一般の方に活字に興味を持ってほしいということで、活字鋳造見学会を開催されています。定員6名ということなので、参加される方は佐々木活字店さんのFacebookページをチェックしておきましょう。
私も活字に詳しいわけではなく、友達の活版印刷の方に活版の話を聞く程度なので今回の見学会を楽しみにしていました。
場所は、神楽坂駅から徒歩5分程度でしょうか、早稲田通りと外苑東通りが交差する近くにあります。
DNP(大日本印刷)の工場もあり、印刷関係の会社が数多く密集しています。多分、昔はもっともっと多かったんだと思います。
DNPの東京工場
佐々木活字店さんに到着
少し早く着いたので、店舗受付で待たせてもらいました。既に受付奥に沢山の活字が納められた棚が見えます。
新宿区の地域文化財に指定されています。
ショーケースには活版印刷のサンプルや活字見本、活版のカレンダーや手ぬぐいが置かれています。
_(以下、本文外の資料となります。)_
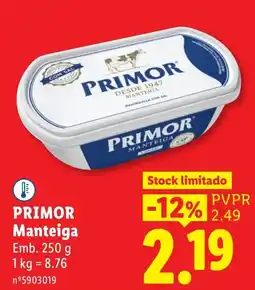 Lidl Primor manteiga promoção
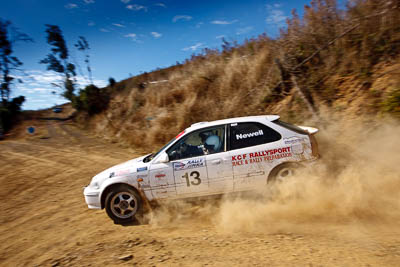 13;19-July-2009;Australia;Craig-Newell;Honda-Civic;Jimna;Linda-Newell;QLD;QRC;Queensland;Queensland-Rally-Championship;Sunshine-Coast;auto;motion-blur;motorsport;racing;sky;special-stage;wide-angle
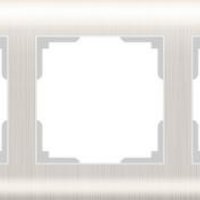 Рамка Werkel Stream 3-ая перламутр рифленый (10)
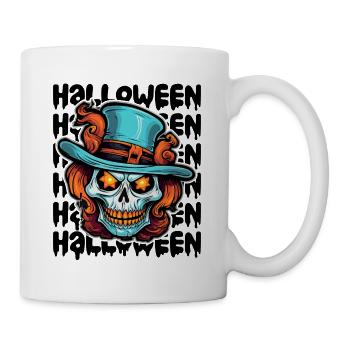 Halloween Design gruselig für die nächste Party - Tasse - Weiß - Rechts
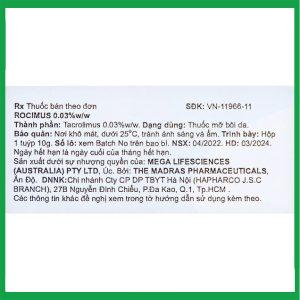 Nhà Thuốc Tiến Thành - 00006399 kem boi rocimus 003 meg 1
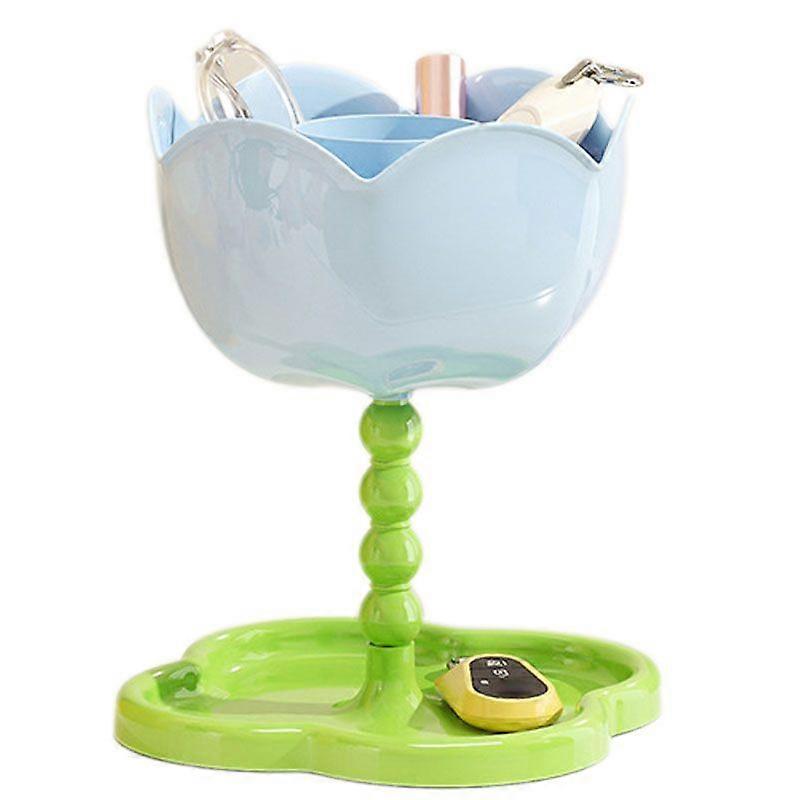 Cute Key Dish Tray Flower Shaped Hallway Double-Layer Storage Rack Living Room Desk Tray for Keys Small Items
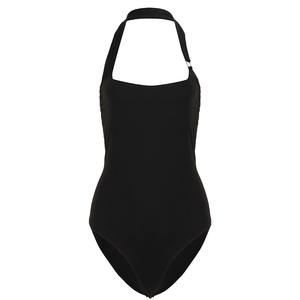 Combinaison moulante sexy à bretelles et col halter pour femme, en tricot, pour l'été, contrôle du ventre, tenue de soirée et clubbing - Product Image 6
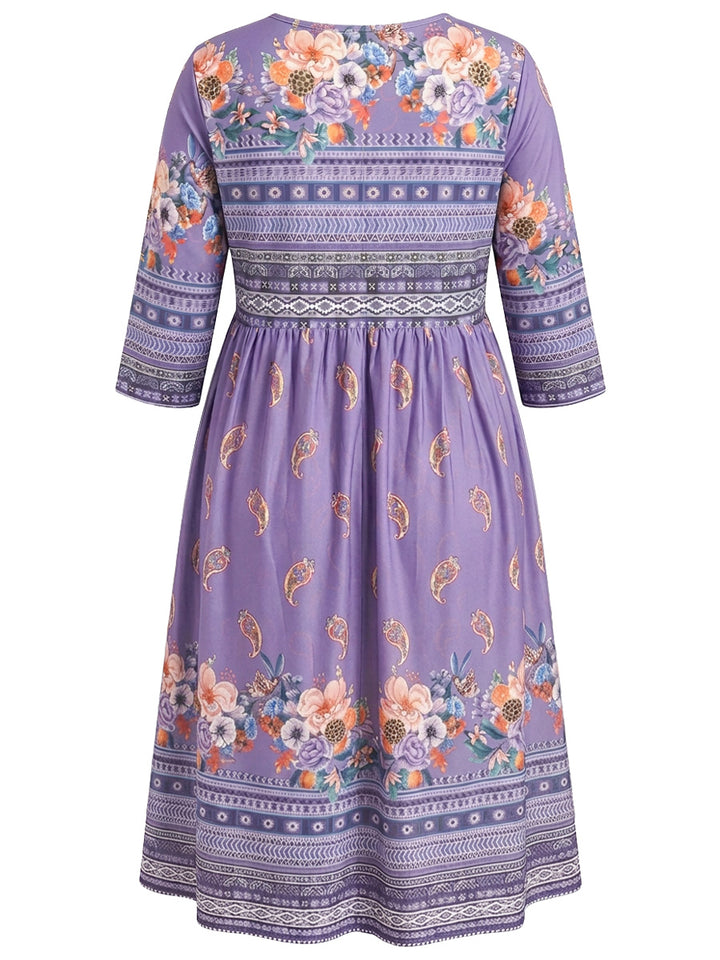 Misty Gigi Dress - Purple Print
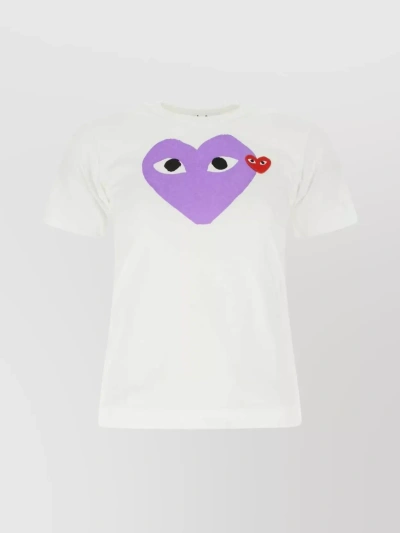 Comme Des Garçons Play Versatile Crew Neck T-shirt In Violet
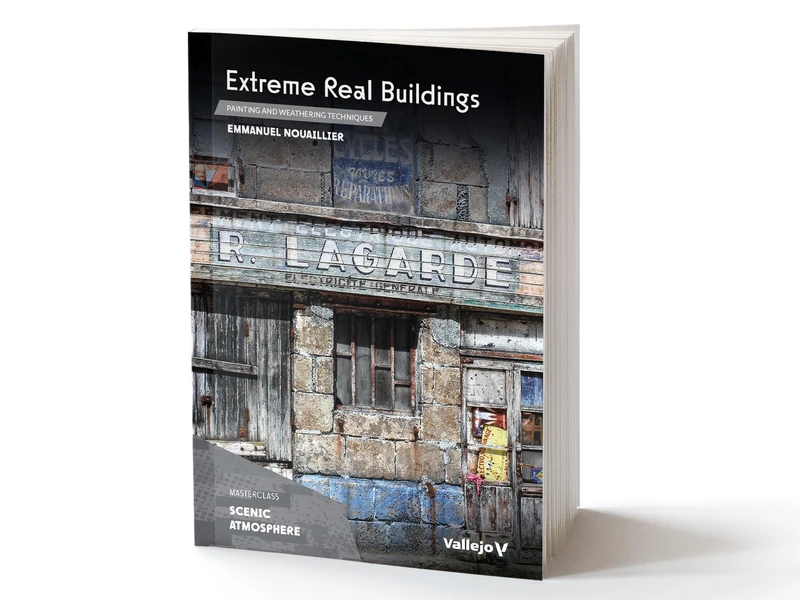 Vallejo 75050 Book: Extreme Real Buildings, English Model Kit, Multi-Colour, Medium - Image 1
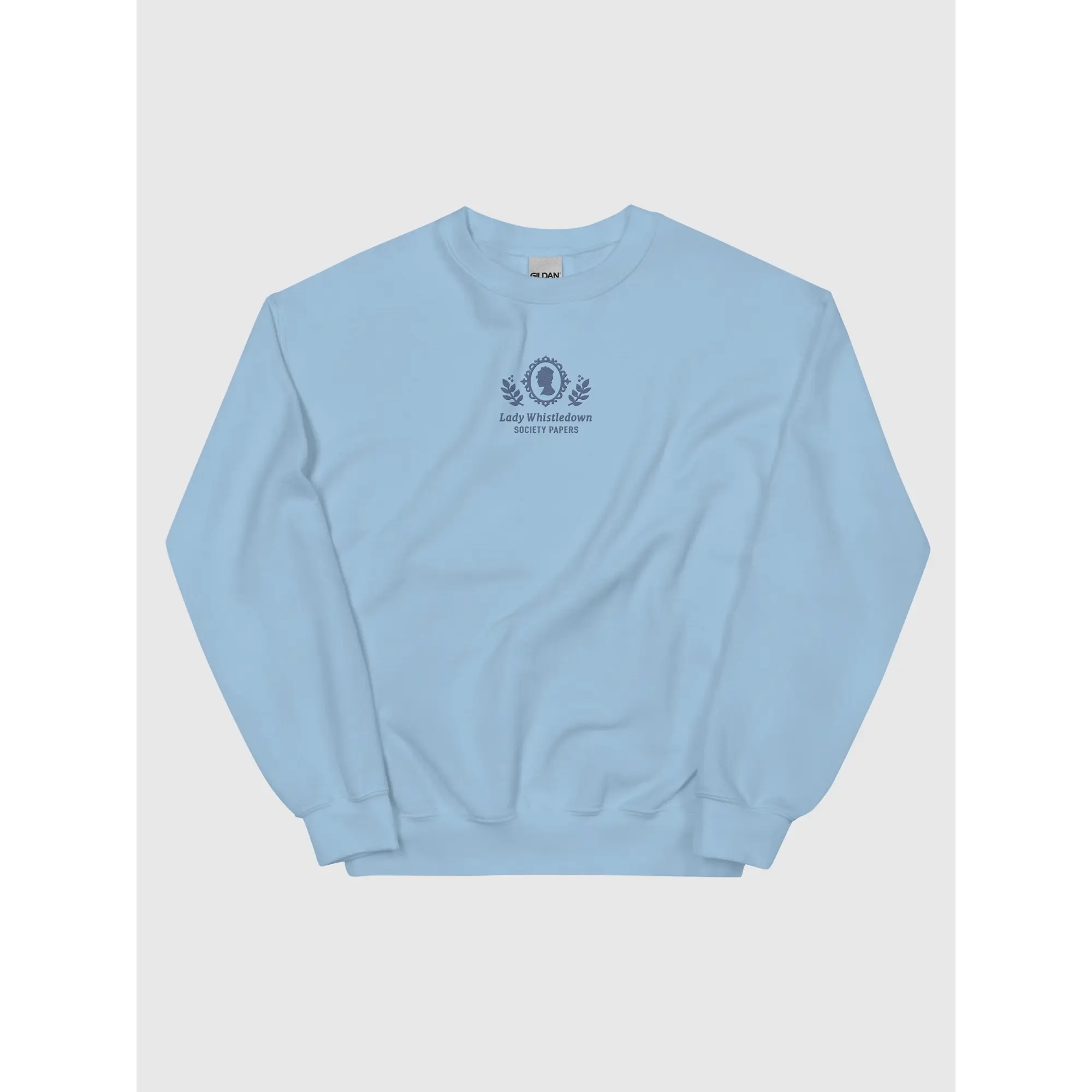 Netflix Bridgerton Lady Whistledown Embroidered Crewneck Sweatshirt – Regency-Inspired Cozy Pullover, Gift for Fans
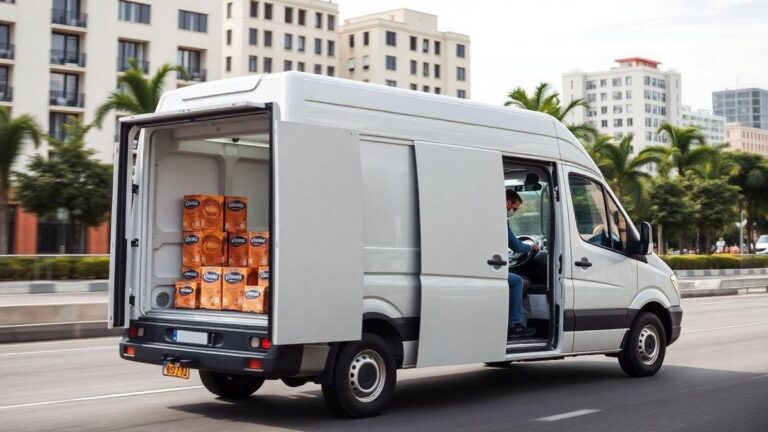 Transporte seguro de produtos perecíveis fácil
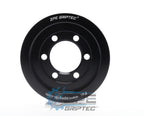 3.50" 2pc 6 Rib ZPE GripTec® 2pc ProCharger Single Shoulder L3 Black Pulley Only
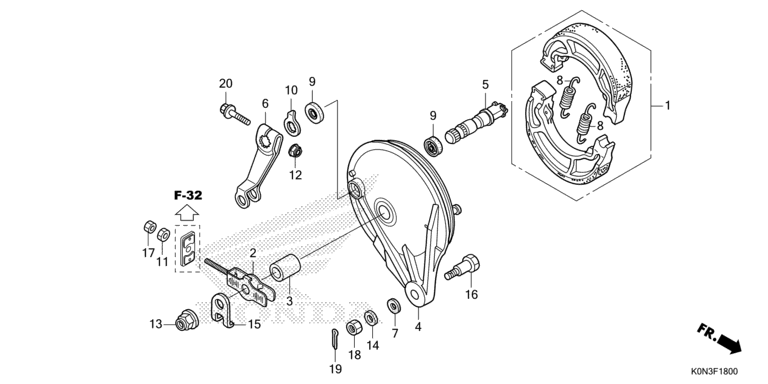 REAR BRAKE PANEL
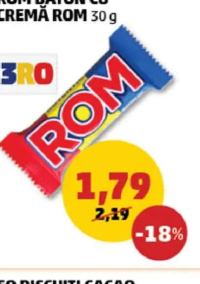 Rom Baton cu Cremă Rom 30 g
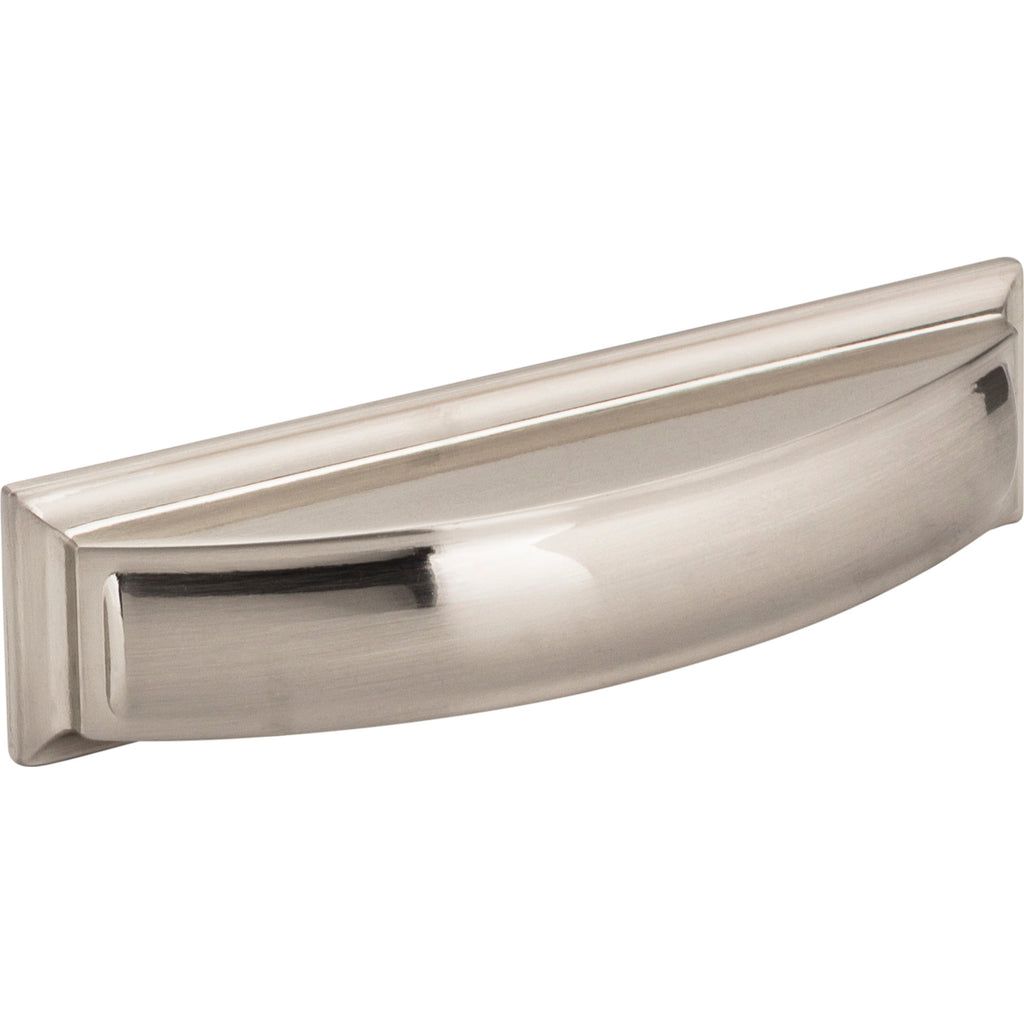 Square Annadale Cabinet Cup Pull by Jeffrey Alexander - Satin Nickel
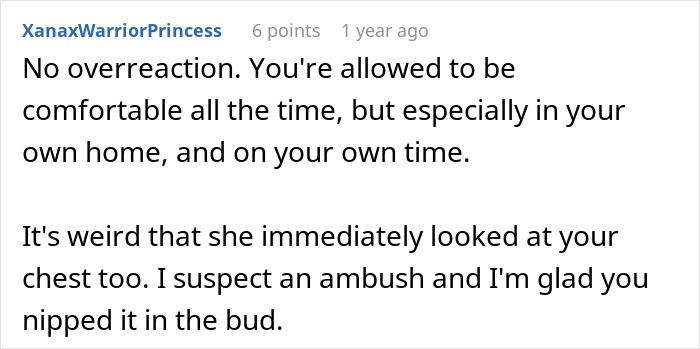 Woman Kicks Out In-Laws After MIL Shames DIL For Not Wearing A Bra At Home, They Leave In A Huff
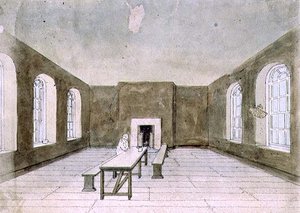 Das Verurteilte Zimmer, Newgate-Gefängnis von Frederick Nash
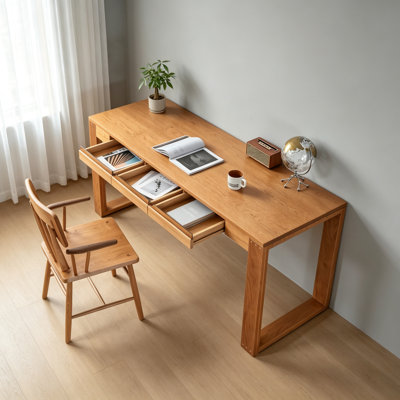 Simple Cherry Wood Solid Wood Practical Desk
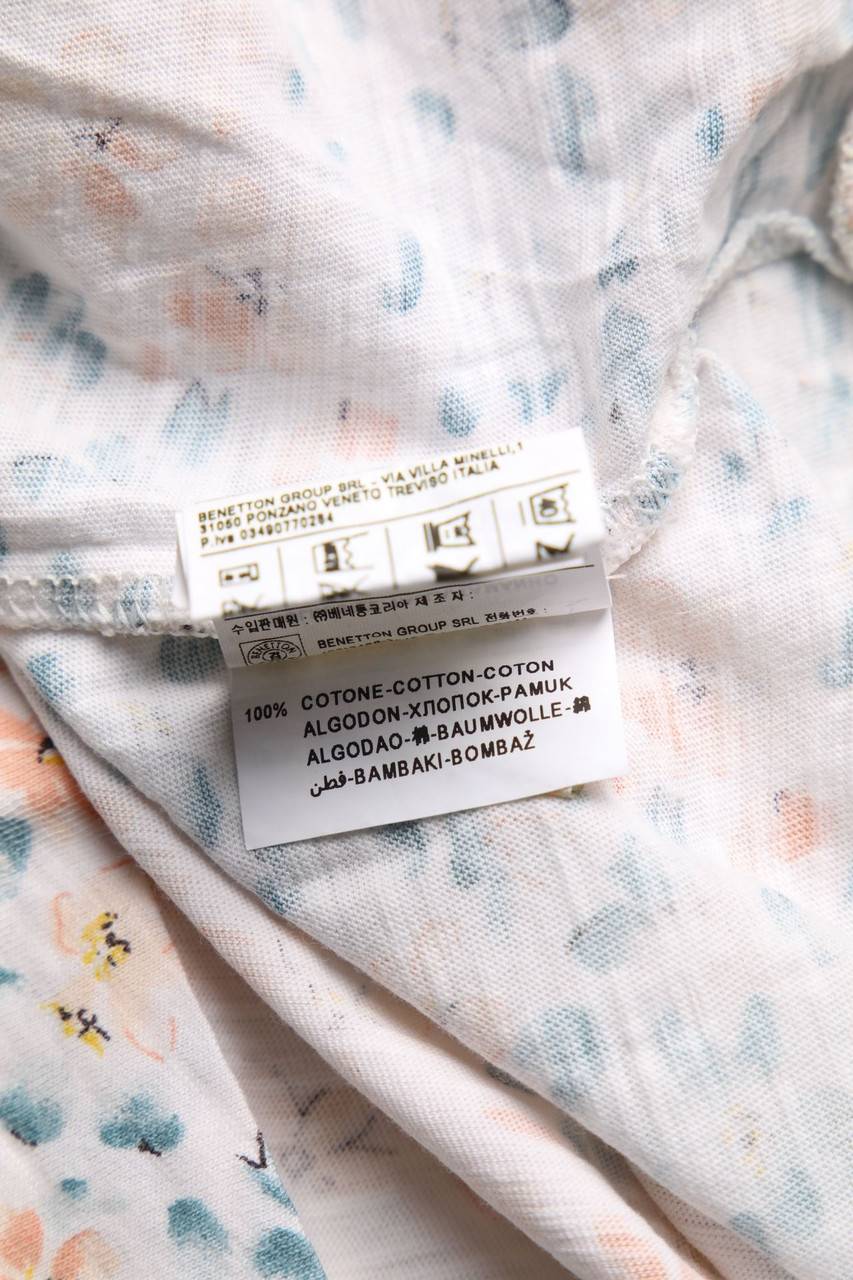 Carou UNITED COLORS OF BENETTON T-Shirt Mit Floralem Muster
時間になり、1階の棚を抜けて階段を2階に上がります。
2階へ上がると、すぐに沢山の鋳造機が目に飛び込んできます。佐々木活字店さんのサイトによると、自動活字鋳造機が8機、自動セルフ活字鋳造機が2機あるそうです。
今回最初に動かして頂いたのはこちらの自動活字鋳造機、5号活字を鋳造しています。上部の後ろ側に原料の鉛・すず・アンチモンの合金が溶かされていて、押し出された合金が母型に入り込み活字が出来上がります。
続いて、2号活字の鋳造。原料を多く使うので、先ほどの5号よりもゆっくりと動いてます。
真鍮でできた母型も見せてもらいました。これが活字店の財産だそうです。
こんな飾りの版もあるんですね。
続いて1階へ降りて、全自動組版機を見せて頂きました。
4000文字程度の座標が決まっており、こちらの表で文字指定で示されています。
入力することで鑽孔テープが作られ、それを読み取り活字が鋳造されます。
自動組版機と聞いて活字を自動で拾うのかと思ってましたが、その都度鋳造することに驚きました。
続いて文選を経験させて頂きました。自分の名前の文字を探します。
使用頻度の高い順で「大出張」「出張」「泥棒」で分類されていて、なぜ「泥棒」というかは「二人でひとつの共有エリアなので、隣から取る仕草」とか「下にあるので、しゃがんで取る姿」であるとか諸説あるそうですが、こういう話ってなかなかお聞きできないですよね。
「聡」の字がなかなか見つからず…。助けてもらいました。
拾った活字はお土産にいただきました。5号の明朝。
以前、temp pressの澤辺さんにもらったのは12ptかな。未使用の5号と使い込まれた活字。
最後にお見せして頂いたのがブックカバーの組版で、平川珠希さんというデザイナーとコラボレーションして作成したそうです。
東京活字組版 http://www.tokyo-katsuji.com/index.html
すごい組版ですね。組版職人とデザイナーのせめぎ合いの結晶なのでしょう。DTPになって失ったものの一つです。
書体見本帳もお土産に頂きました。
本当に為になるお話を沢山、沢山して頂きました。最近テキンに興味があり、朗文堂さんのサイトを度々訪れていたのですが、いろいろとお話が聞けて、生半可な興味で職人さんの世界に首を突っ込むべきではないのかなとも思いました。後5年くらいしたら再考してみたいと思います。取りあえず今はやるべき事をやろうかと。
知識不足なので、文章の中で変なところがあれば教えて下さい。